37    Second, while the applicant objected to certain parts of Mr Wyllie’s affidavit, on the basis they were not accurate, the core point of relevance from Mr Wyllie’s affidavit is that in three other cases in the FCFCOA and this Court, an argument has been made based on the primary judge’s orders, and his Honour’s reasoning. In other words, the primary judge’s orders and reasoning have been employed in litigation relating to other individuals in similar circumstances, and other justices of this Court have been invited to follow it. Once that occurs, given the appellants’ position on the issues, it would place another single judge in a position of deciding if they are convinced the primary judge’s orders and reasoning are wrong: see Minister for Immigration, Citizenship, Migrant Services and Multicultural Affairs v FAK19 [2021] FCAFC 153 at [21], Allsop CJ. These appeals are a suitable vehicle to avoid single judges being faced with those issues of comity, which are not always straightforward.

38    Where the primary judge’s orders and reasoning are presently the subject of an appeal before this Court, it is neither efficient, nor a cost effective use of resources, to refuse to determine the correctness of those orders and that reasoning, and instead insist that another case make its way up the judicial hierarchy. That approach would also introduce uncertainty in terms of when the issues raised might be resolved, and might place other judges at first instance in a difficult position. Given there are potentially 130 cases where this argument might be made, plus the three where it has been made (regardless of the outcome), it is in the interests of the administration of justice for this Court to determine both issues raised on the appeals by the appellants.

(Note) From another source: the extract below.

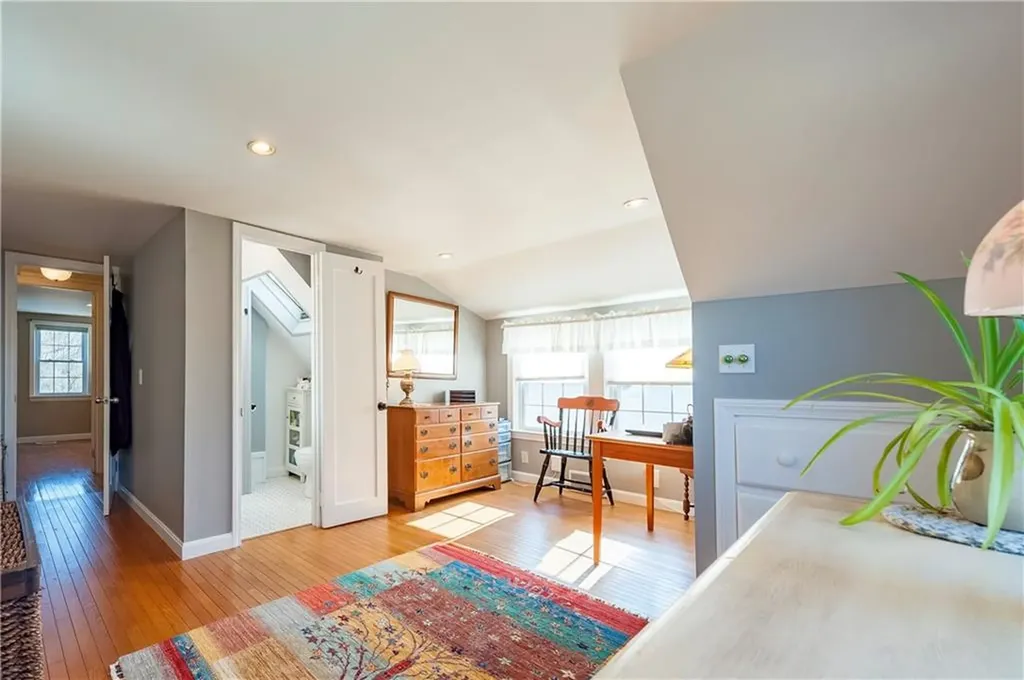 77 Pinecrest Drive Pawtucket RI 02861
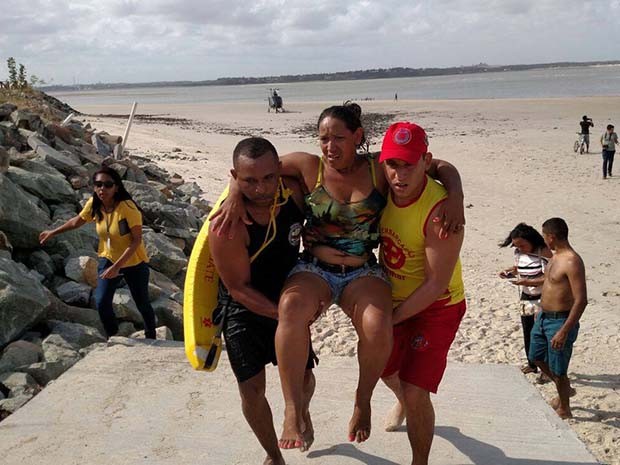 Bombeiros salvam passageiros do catamarã que naufragou em São Luís (Foto: Douglas Pinto/TV Mirante)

39    The appellants’ position on costs confirms that this is the appropriate course to take. The appellants have quite properly accepted that the costs orders below should not be disturbed. They do not seek their costs of these appeals, and they accept they should pay the reasonable costs of the respondent on these appeals.

Leave to appeal is required for ground 2, and an extension of time should be granted

40    The respondent submitted all of the orders made by the primary judge were interlocutory in character. He relied on the decision of Flick J in Anying Group Pty Ltd v Wang [2012] FCA 702, where at [8] his Honour said:

In circumstances where orders are made, some of which are final in nature and some of which are interlocutory, all of the orders are “interlocutory” for the purposes of s 24(1A).

(Original emphasis.)

41    This proposition is not self-evident. Nor was any authority cited in support of it. In any event, no argument was developed before the Full Court to support this proposition and it is not appropriate to decide it. In our opinion, two of the impugned orders were final in nature, and the detention arrangement orders were interlocutory.

42    The declaratory relief granted by the primary judge was final relief, deciding a controversy between the parties about whether the respondent’s circumstances engaged s 198AD(2). The same is true of the relief by way of mandamus, directing the performance of a statutory duty the primary judge found on the evidence should have been performed, but had not been. At least at the date the order was made, it finally quelled the controversy between the parties about whether the Minister was obliged to remove the respondent to Nauru. No leave to appeal is required from those orders.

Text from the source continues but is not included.